Oran Zlotnik said Lapidot had taught in Africa and had lived in Australia. Zlotnik said she had returned to Israel for the holidays and was a few days shy of her 23rd birthday.
“She was in contact with her mother, so her mother got a phone call toward the end of this festival when she told her she was hiding in a bush,” Zlotnik said. “She asked her mom, ‘should I go join other people trying to run away or just stay here in the bush and try to hide?'”
The phone line disconnected and later the family learned the phone signal had been tracked to the Gaza Strip.
“We sort of had to work under the assumption that she’s there because if she’s there and we’re doing nothing, it would be horrible,” Zlotnik said.
Zlotnik said that when the cellphone of one of Lapidot’s friend’s, confirmed deceased, was also traced to Gaza, the family realized it was possible she wasn’t a hostage.
For Harel Lapidot, what happened to his niece evoked memories of the Holocaust.
“We know for a fact that they were hunted,” Lapidot said. “They ran away and they were hunted and killed.”
Harel Lapidot, a Canadian citizen, thanked the Jewish community in Canada and MPs who had reached out to help and offer support.

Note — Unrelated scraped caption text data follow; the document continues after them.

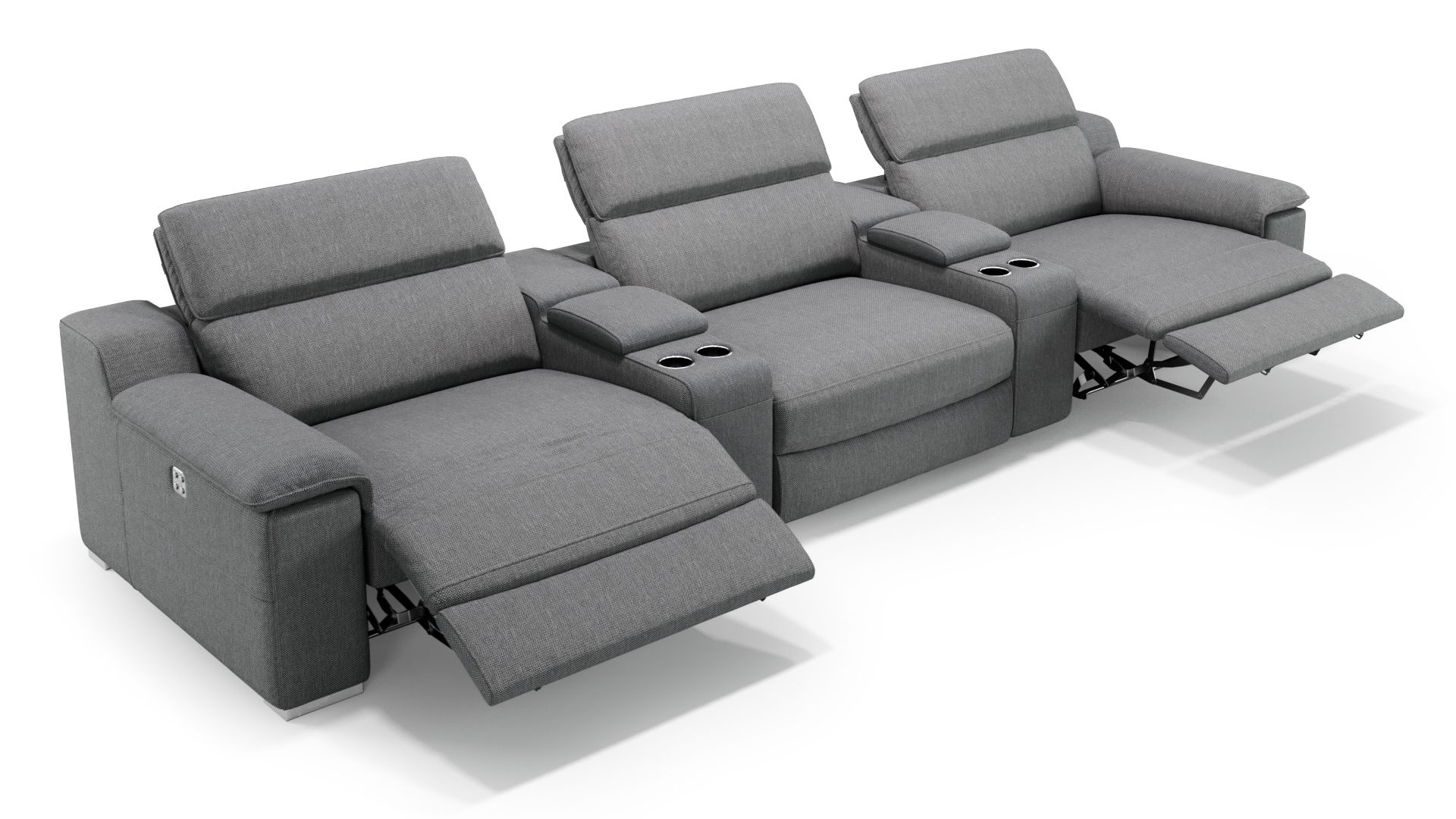 Kino Sofa MACELLO 3-Sitzer mit Mittelkonsolen - Grau
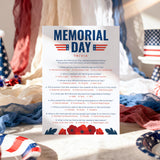 Printable Memorial Day Quiz with Answer Key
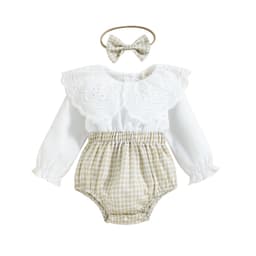 image-White Baby Jumpsuit with Collar, Plaid Khaki, 95% Cotton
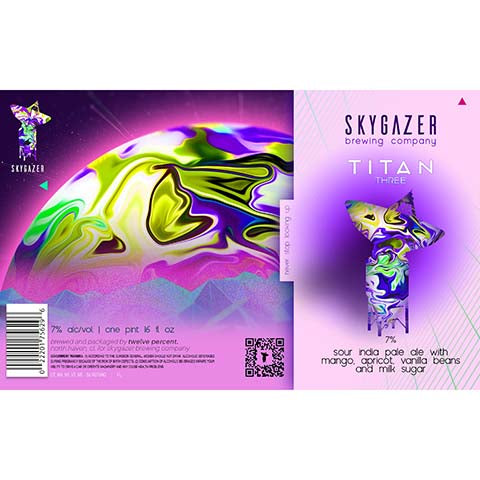 Skygazer Titan Three Sour IPA by SKYGAZER Brewing Co, beer label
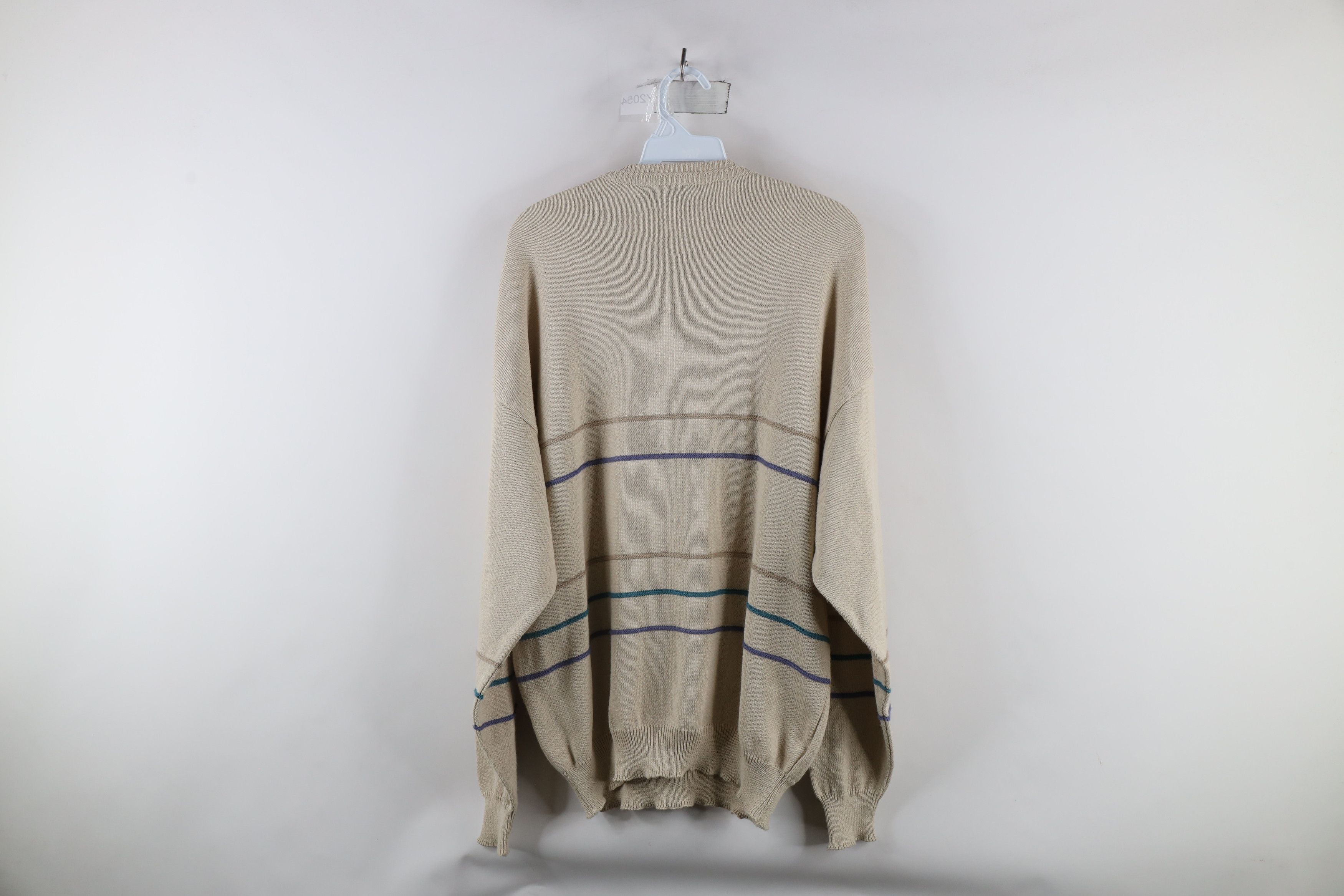 Vintage Vintage 90s Streetwear Diamond Knit Crewneck Sweater Beige Size US XXL / EU 58 / 5 - 9 Thumbnail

The family had a meeting with Foreign Affairs Minister Mélanie Joly while she was in Israel.
“They didn’t know us, but they helped us, and I’m proud to be the Canadian and proud to be a Jewish Canadian,” he said.
Netta Epstein, 21, was killed when Kibbutz Kfar Aza, his community just a few kilometres east of the Gaza Strip, came under attack 11 days ago. He was the eldest of Ayelet Shachar-Epstein’s three children.
“Netta was a very easy-going, life-loving type of person,” Shachar-Epstein said, describing him as an exceptional soccer goalie who had volunteered at a home for kids with special needs. He completed his mandatory military service just two months ago, spending the majority of it in combat, she said.
Since his death, many of those he met throughout his young life have reached out to the family to pay tribute to him.
“He was a guy that loved living,” Shachar-Epstein said. “He was happy to be alive.”
She learned the circumstances of his death from texts messages he had sent her in the moments before he was killed, and from his fiancée, Irene Shavit, who survived. They had been a couple for 18 months and had plans to marry.
Netta Epstein was inside a safe room with Shavit; he jumped on a grenade thrown in by the attackers.
“She witnessed this horror and she did survive,” Shachar-Epstein said.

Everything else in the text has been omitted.